Kaum ‘’Ad pun membuat patung-patung, mereka namakan Tsamud dan yang lain lagi mereka namakan al-Hatar. Mereka tinggal di Yaman di daerah Ahqaf antara Oman dan Hadramaut. Mereka adalah kaum yang berbuat kerusakan di bumi ini karena mereka bangga dengan kekuatan fisik yang tidak dimiliki oleh kaum yang lain.

Karena mereka memperlakukan penduduk bumi ini sekehendak mereka secara zalim, Allah mengutus Nabi Hud dari kalangan mereka sebab sudah menjadi ketetapan Allah bahwa rasul-rasul yang diutus itu diambil dari kaumnya sendiri yang lebih mengerti tentang kaumnya dan lebih dapat diterima seruannya karena mengetahui kepribadiannya.

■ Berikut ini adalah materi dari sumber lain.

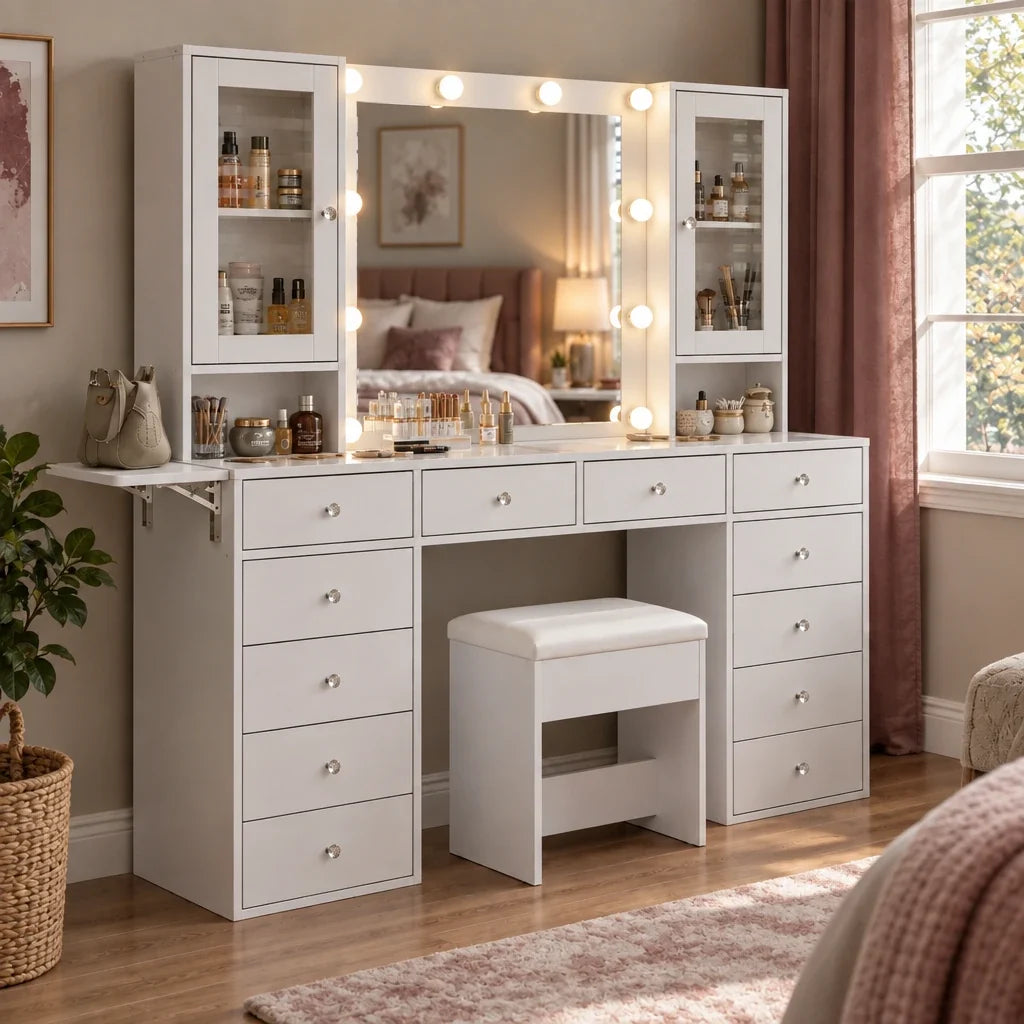 Roxy large Hollywood dressing table, side view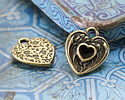 TierraCast Antique Brass (plated) Jet Enamel Heart in Heart Shaped Focal 12.5x14mm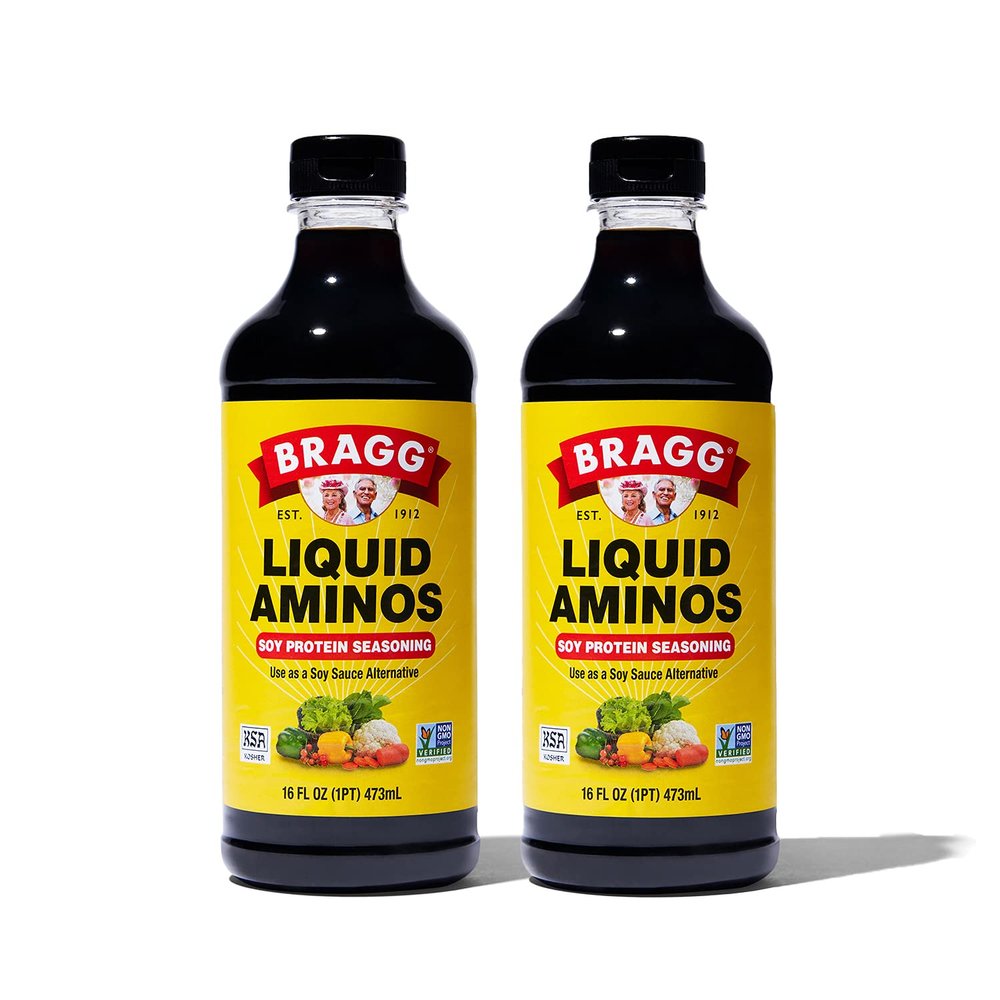Bragg Liquid Aminos All Purpose Seasoning Soy Sauce Alternative Gluten Free, No GMOs, Kosher Certified, 16 ounce, 2 Pack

Akan tetapi ketika Nabi Hud menyampaikan risalahnya yaitu menyeru kaumnya agar menyembah Allah Tuhan Yang Maha Esa dan meninggalkan perbuatan yang zalim, seruan Nabi Hud tersebut mereka dustakan dan malahan mereka menentangnya, sebagaimana dijelaskan dalam firman Allah yaitu:

فَاَمَّا عَادٌ فَاسْتَكْبَرُوْا فِى الْاَرْضِ بِغَيْرِ الْحَقِّ وَقَالُوْا مَنْ اَشَدُّ مِنَّا قُوَّةً ۗ اَوَلَمْ يَرَوْا اَنَّ اللّٰهَ الَّذِيْ خَلَقَهُمْ هُوَ اَشَدُّ مِنْهُمْ قُوَّةً ۗ وَكَانُوْا بِاٰيٰتِنَا يَجْحَدُوْنَ  ١٥ 

Maka adapun kaum ’Ad, mereka menyombongkan diri di bumi tanpa (mengindahkan) kebenaran dan mereka berkata, “Siapakah yang lebih hebat kekuatannya dari kami?” Tidakkah mereka memperhatikan bahwa sesungguhnya Allah yang menciptakan mereka. Dia lebih hebat kekuatan-Nya dari mereka? Dan mereka telah mengingkari tanda-tanda (kebesaran) Kami. (Fushilat/41: 15)

Ayat 66

dalam tafsir surat Al A’raf ayat 65-72 ini khususnya dalam ayat ini menerangkan bahwa para pemuka kaum Hud yang tetap dalam kekufuran dan tetap menentang kerasulan Hud bukan saja menolak seruannya, malahan mereka menegaskan bahwa mereka berada dalam agama yang benar dan mereka memandang bahwa Nabi Hud itulah yang berada dalam kesesatan, disebabkan ia meninggalkan agama mereka dan menghina orang-orang yang terkemuka di kalangan kaumnya yang mereka anggap suci.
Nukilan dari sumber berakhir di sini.